The interaction of an increased likelihood that these disputes will be pursued by a party for economic reasons and the fact that such matters may interact with Cost Escalation or force majeure arguments or actions which require and urgent response as a result of rapidly changing circumstances, make the clarity of the wording around deadlock, dispute resolution and special/super majority approval provisions particularly important. Each dispute turns primarily on the precise wording of the agreement in question and the practical impact and timing of any remedies available in view of the counterparty. Parties are well advised to involve an arbitration specialist at an early stage. This will help them understand how the available processes and remedies can be best utilised and to ensure that every box is ticked and that a paper trail is created which will ultimately be as persuasive as possible before a tribunal. Through doing this, a party is most likely to convince a recalcitrant JV partner to reach a sensible commercial settlement before a full scale dispute becomes necessary or to ultimately succeed in any arbitration.
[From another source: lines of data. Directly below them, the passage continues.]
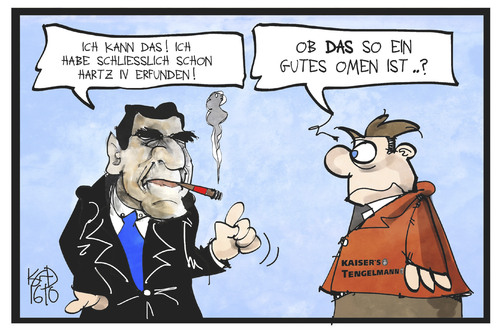 Schröder schlichtet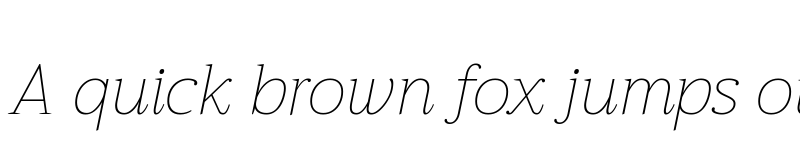 Preview of Trirong Thin Italic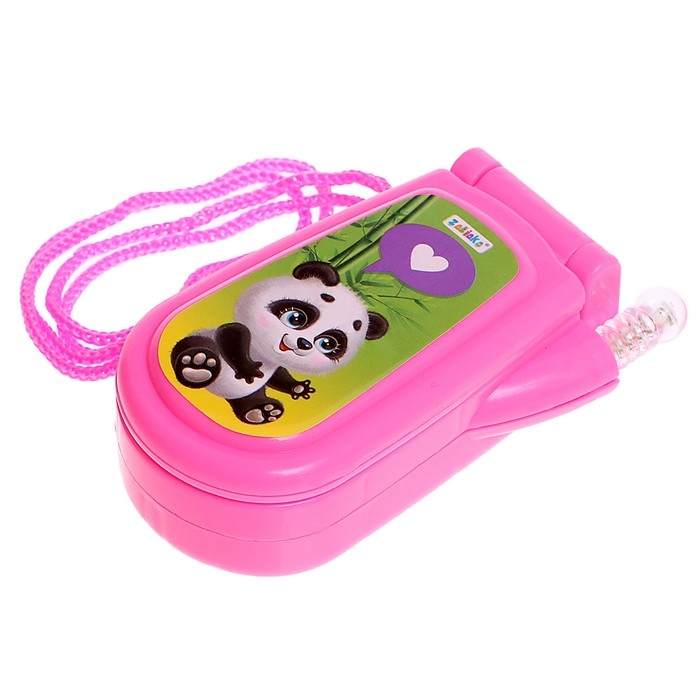 Музыкальный телефон &laquo;Панда&raquo;, звуковые эффекты, работает от батареек, МИКС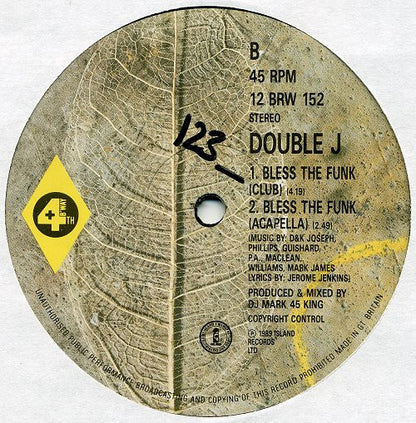 Double J (2) : Bless The Funk (12")
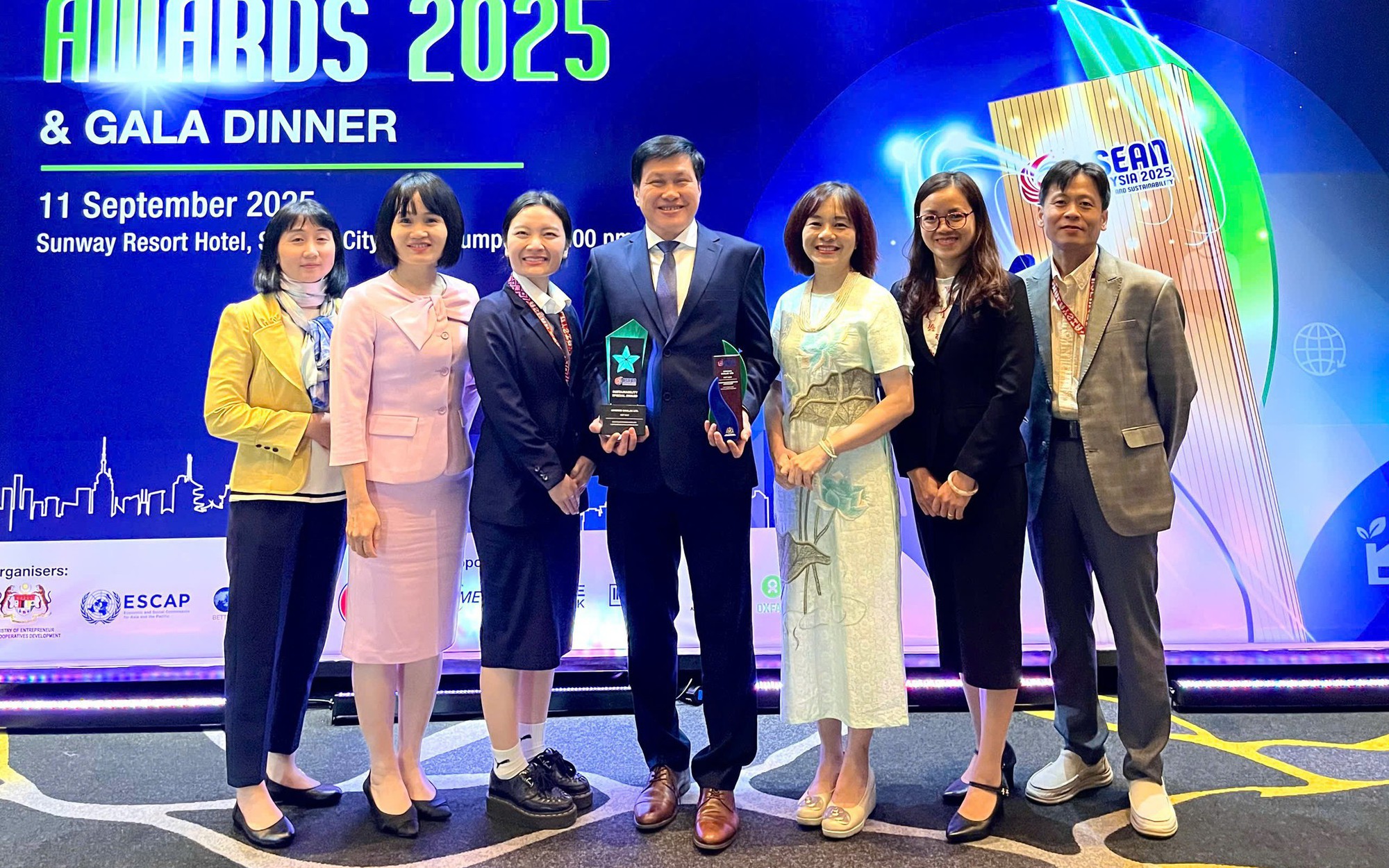 Simexco Daklak nhận giải thưởng doanh nghiệp "bao trùm" khu vực ASEAN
It is essential in such disputes that a party has clarity as to how decision making and any dispute resolution procedures interact and in circumstances where critical decisions continue to need to be made in circumstances where there is a substantial ongoing dispute, careful consideration of potential scenarios at the outset are likely to significantly mitigate a non-defaulting party’s risk exposure and increase its leverage.

Other trends

Bilateral Investment Treaty disputes involving state parties are also likely to increase for similar reasons, as well as the imperative for state parties to maximise the return on their interest in a JV. Recent years have seen substantial disputes arise from attempts by for example Tanzania and Zambia to levy additional taxes and royalties so as to vary the commercial balance of operations with varying levels of success. Decisions which have been seen as favouring foreign investors and stifling legitimate resource nationalism policies have driven changes to the approach to international arbitration and bilateral investment treaties in a number of African states rich in mineral resources. The effects of the COVID-19 pandemic may also allow those states intent on Resource nationalism to exert additional pressure on their commercial partners. Examples might include:

  • ·opportunistic attempts by state parties in OHADA jurisdictions to force JV partners to inject more equity due to alleged "Undercapitalisation":The COVID-19 pandemic has put additional stress on JV companies which can result in JVs in OHADA jurisdictions arguably falling below the required level of capital.States have in the past sought to use any such difficulty and the potential adverse consequences for the investment in the JV as leverage to force commercial actors to contribute further capital or renegotiate the commercial terms of the arrangement with the state partner; and
  • licensing: State parties who are dissatisfied with the returns from the JV or the way in which the project has been operated during the COVID-19 pandemic (shut downs etc.) might also be more inclined to use license renewal as leverage to extract improved terms for the state. The practical risk of this will of course depend on the terms and duration of mining licences, the lifespan of a project and whether the state concerned is taking a long or short term view of the position.

In these cases, it is vital for parties to think about the nature of the protections provided to them by both domestic law and relevant Bilateral Investment Treaties (as well as any intergovernmental arrangements) and to frame their arguments in terms of those protections so as to improve their leverage in negotiations from the outset.